# -*- coding: utf-8 -*-
import numpy as np

import scipy.stats as ss
import scipy.optimize as so
from scipy.special import gammaln, psi
from scipy import linalg

#import pandas as pd

import multiprocessing as mp
from itertools import repeat

import h5py as h5
import tempfile
import logging
import time


def main():
    log_level = logging.DEBUG # default logging level
    logging.basicConfig(level=log_level,
        format='%(levelname)s:%(module)s:%(message)s')
    
    (y, x, theta) = gen1()
    
    pool = None
    #pool = mp.Pool(processes=2)
    
    (phi, q) = varlap_opt(y, K=2, seed=10241978, pool=pool)

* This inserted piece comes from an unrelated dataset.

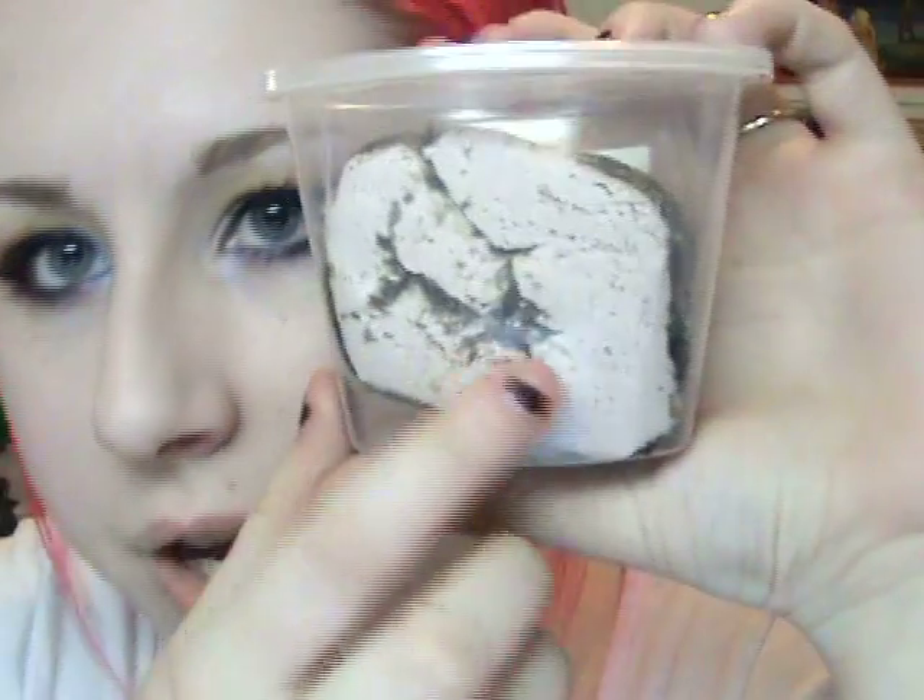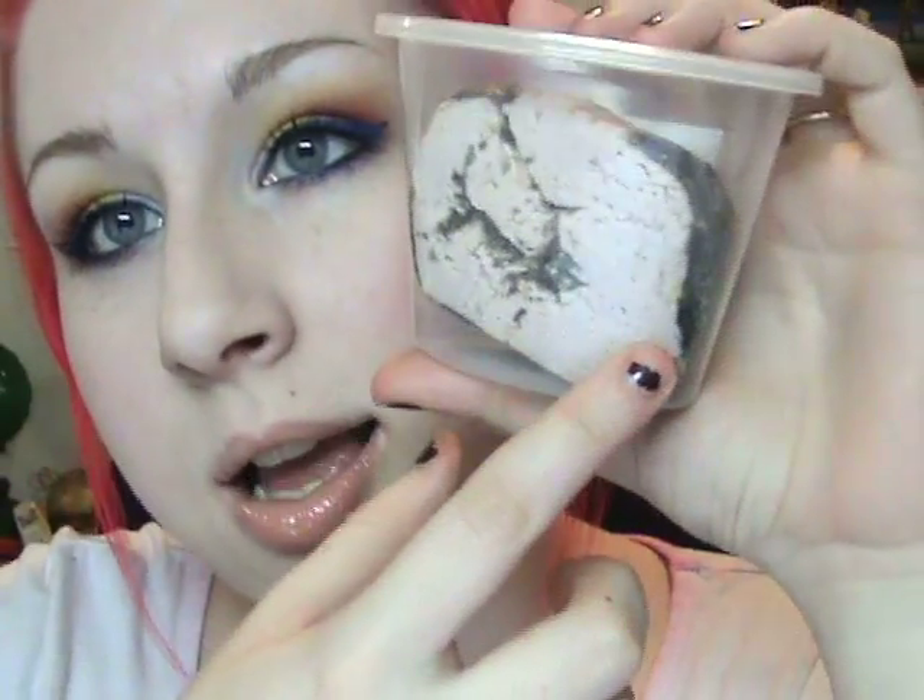My little trick in the morning is to try to take a chunk that doesn't have seaweed on it, so I don't have to worry about getting all the seaweed pieces off before heading out. At night I just don't care and put on whatever chunk I grab.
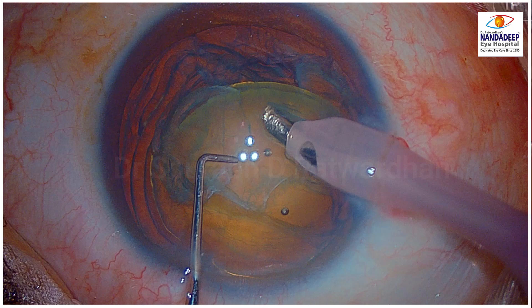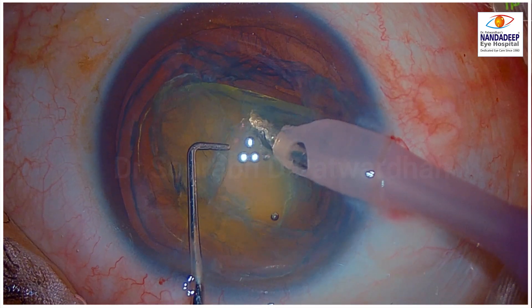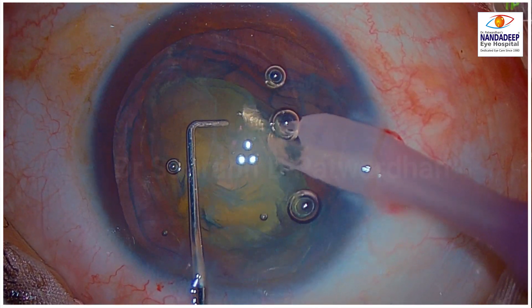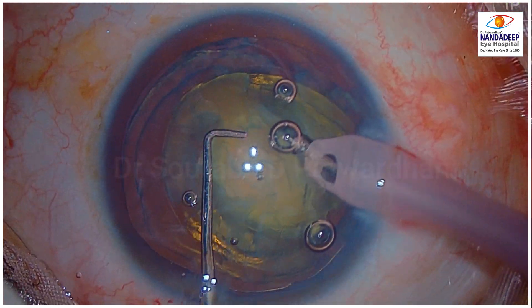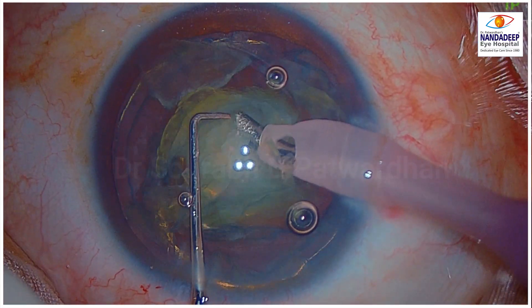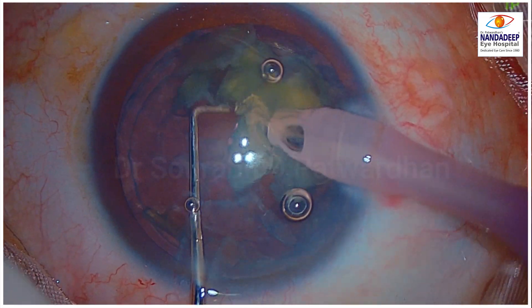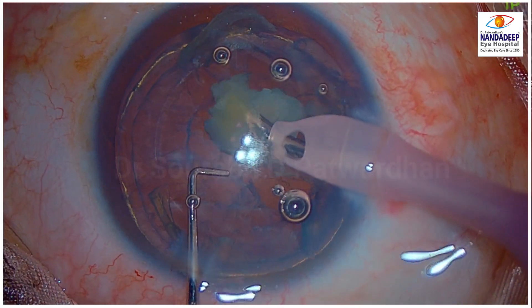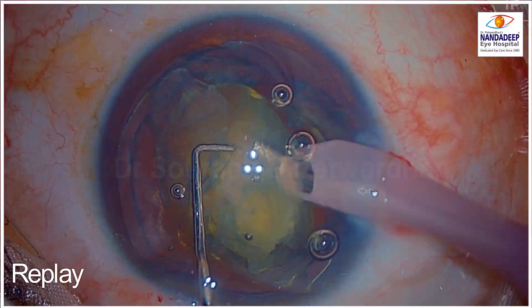The most important thing is the application of the FACO power. You can see I am applying it at the periphery of the nucleus, which is most important. Because if you go into the central part of the nucleus, you have to chop the nucleus, and that is something I don't want. So I am just going to apply this FACO energy at the anterior pole and at the periphery. Once I start removing this peripheral part, the nucleus becomes smaller and smaller and I can easily emulsify it using high vacuum. When we use very high vacuum, the requirement of FACO energy is also minimal, and we can finish off this nucleus.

    save_model('model.hdf5', y, phi, q)

def save_model(fname, y, phi, q):
    
    f = h5.File(fname, 'w')
    
    f.create_dataset('y', data=y)
    
    f.create_dataset('alpha', data=phi['alpha'])
    f.create_dataset('lam', data=phi['lam'])
    f.create_dataset('s2', data=phi['s2'])
    
    f.create_dataset('x', data=q['x'])
    f.create_dataset('sig2x', data=q['sig2x'])
    f.create_dataset('gam', data=q['gam'])
    
    f.create_dataset('EqTheta', data=EqTheta(q['gam']))
    
    f.close()

def load_model(fname):
    
    f = h5.File(fname, 'r')
    
    y = f['y'][...]
    
    phi = {}    
    phi['alpha'] = f['alpha'][...]
    phi['lam'] = f['lam'][...]
    phi['s2'] = f['s2'][...]

    q = {}
    q['x'] = f['x'][...]
    q['sig2x'] = f['sig2x'][...]
    q['gam'] = f['gam'][...]
    
    f.close()

    return (y, phi, q)

def gen1(seed=None):
    if seed is not None: np.random.seed(seed=seed)
    
    s2 = pow(.25,2)
    (J, N, K) = (15, 75, 3)

    x = np.zeros([J, K]);
    x[0:5,  0] = +1
    x[5:10, 0] = -1
    x[0:5,  1] = -1
    x[5:10, 1] = +1
    x[10:15,2] = +1

    theta = np.zeros([K, N])
    theta[0, 0:25] = 0.9
    theta[1, 0:25] = 1 - theta[0, 0:25]
    theta[0, 25:50] = 0.1
    theta[1, 25:50] = 1 - theta[0, 25:50]
    theta[2, 50:75] = 0.9
    theta[0, 50:75] = 1 - theta[2, 50:75]

    y = np.zeros([J,N])
    for i in xrange(N):
        y[:,i] = ss.norm.rvs(loc=np.dot(x, theta[:,i]), scale=np.sqrt(s2))
    
    return (y, x, theta)    

def f_x_j(x_j, Etheta_hat, Etheta2_hat, y_j, s2, lam):
    """ Return the value of the exponential kernel involving x_j. """
    
    N = y_j.shape[0]
    f = 0
    for i in xrange(N):
        Etheta_i = Etheta_hat[:,i]
        Etheta2_i = Etheta2_hat[:,:,i]
        f += np.dot(x_j, Etheta_i)*(y_j[i]/s2) - \
             np.trace(np.dot(np.outer(x_j, x_j), Etheta2_i))/(2*s2)
    f -= np.sum(np.abs(x_j))/lam
    
    return f

def neg_f_x_j(x_j, Etheta_hat, Etheta2_hat, y_j, s2, lam):
    return -f_x_j(x_j, Etheta_hat, Etheta2_hat, y_j, s2, lam)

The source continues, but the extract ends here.